The Self-Doubt and Confidence Spectrum
“You need to be more confident!” How many times have you told yourself or have people who told you that?
Having struggled with self-doubt with various degrees and circumstances. I realize confidence is a continuum.
You can feel confident in areas that utilize your strength and when surrounded by people who you feel safe. On the other end of the spectrum, you feel self-doubt when it involves unfamiliar areas and when more powerful people are in the room.
Much like the introvert-extrovert spectrum, an introvert can act like an extrovert in social settings and enjoy solitude when alone. It varies depends on the context and environment.
When I was in graduate school, I felt confident presenting my thesis in front of my lab mates and other graduate students — cause they are a supportive group.

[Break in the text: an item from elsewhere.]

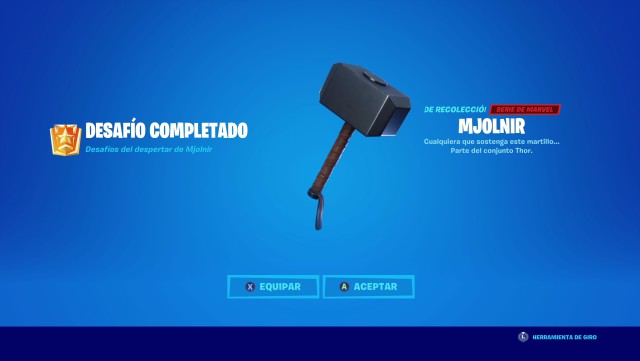 fortnite capitulo 2 temporada 4 desafios del despertar mjolnir desafio demuestra tu valia empuñando mjolnir como thor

However, when I presented the same materials in front of my defense committee who are famous researchers in their respective fields. I felt completely the opposite. My negative voice said, “they will definitely find flaws in my experiment and data.”
The scale of self-doubt
The questions become how do we change the voice in our head to move closer to the confident side of the spectrum?
My theory is to tip the scale — so that you have more confidence than self-doubt at a given moment.

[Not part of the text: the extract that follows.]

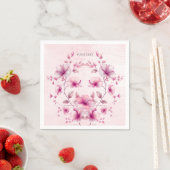 Aquarellfarben Rosa Blume Napkins Serviette (Beispiel)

Positive triggers like remembering previous accomplishments convince yourself that you had succeeded before. Even seemingly insignificant compliments are evidence that you have the potential and are on the right path.
I built up these positive triggers by documenting times when my pitches were well received. I detailed my openings and at which point I start getting my audience’s attention. This avoids my listeners looking disengaged(negative trigger), my self-doubt creeps in
In my previous example of presenting in front of a group of esteemed researchers, I started my talk with results that generated positive discussions in conferences with other equally famous researchers.
Another positive trigger is the belief that others can benefit from hearing my expertise and ideas — rather than fearing that you are wrong or looking stupid. This is particularly helpful for me when I’m not sure if I should voice my ideas in meetings.
Takeaways
Having fear doesn’t mean you are not confident. Everyone has a side of confidence. We just need to find the moments and triggers to amplify that side of you.